WHAT YOU ARE ASKED TO DO:
The records below need to be repeated exactly, though not their pictures.

Short text fragments from websites
▬▬▬▬▬▬▬▬▬▬

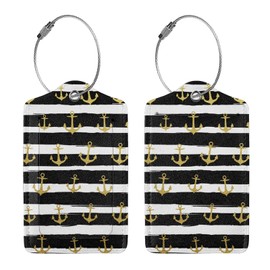 Richugui 2 Pack Black and White Striped Anchor Luggage Tags for Suitcases,Luggage Tag,Leather Label Tag for Women Men Girls Travel Bag Suitcase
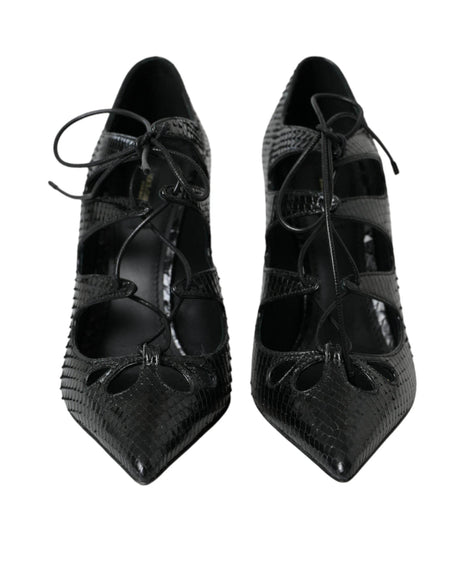 Dolce & Gabbana Black Python Leather Mary Jane Pumps Shoes - Hilstor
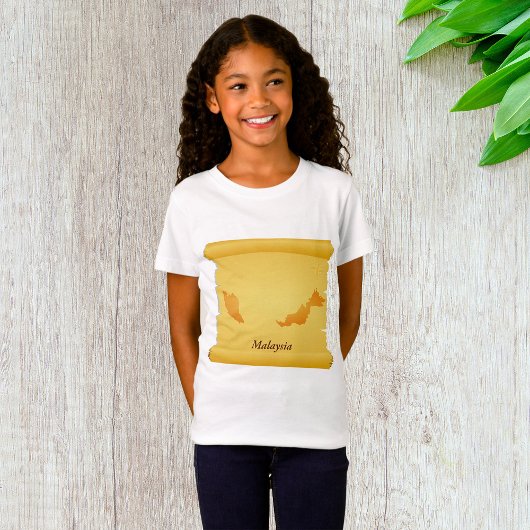  Maleisië Kaart Scroll Old World Travel T-shirt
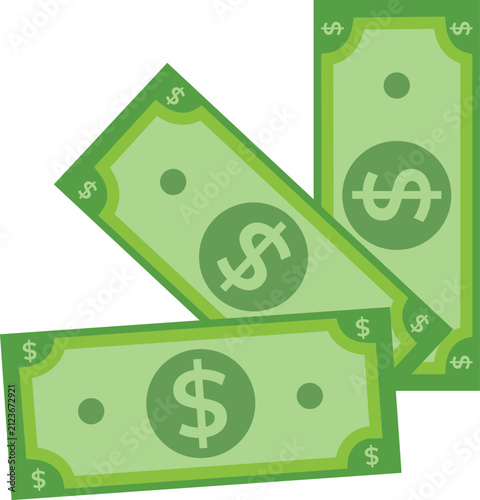Three green paper money dollar bills fanned out with currency, business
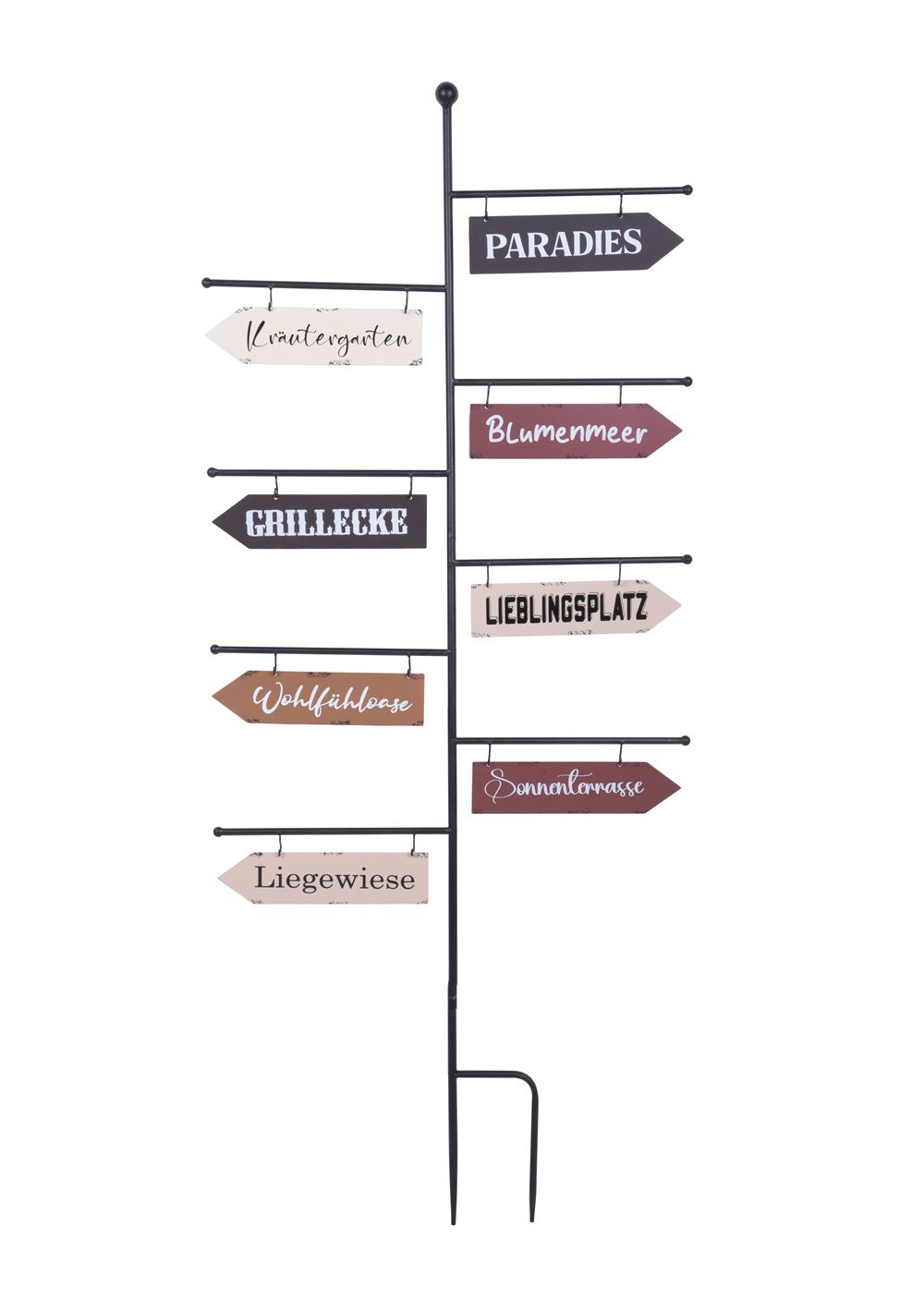 Gartenschild Wegweiser, 8 Planken beschriftet, Eisenschild, Metallschild 125 cm hoch HI-314734 Gartenschild Wegweiser, 8 Planken beschriftet, Eisenschild, Metallschild 125 cm hoch HI-314734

▬▬▬▬▬▬▬▬▬▬

SOLVED EXERCISE:
 Richugui 2 Pack Black and White Striped Anchor Luggage Tags for Suitcases,Luggage Tag,Leather Label Tag for Women Men Girls Travel Bag Suitcase
 Dolce & Gabbana Black Python Leather Mary Jane Pumps Shoes - Hilstor
  Maleisië Kaart Scroll Old World Travel T-shirt
Three green paper money dollar bills fanned out with currency, business
 Gartenschild Wegweiser, 8 Planken beschriftet, Eisenschild, Metallschild 125 cm hoch HI-314734 Gartenschild Wegweiser, 8 Planken beschriftet, Eisenschild, Metallschild 125 cm hoch HI-314734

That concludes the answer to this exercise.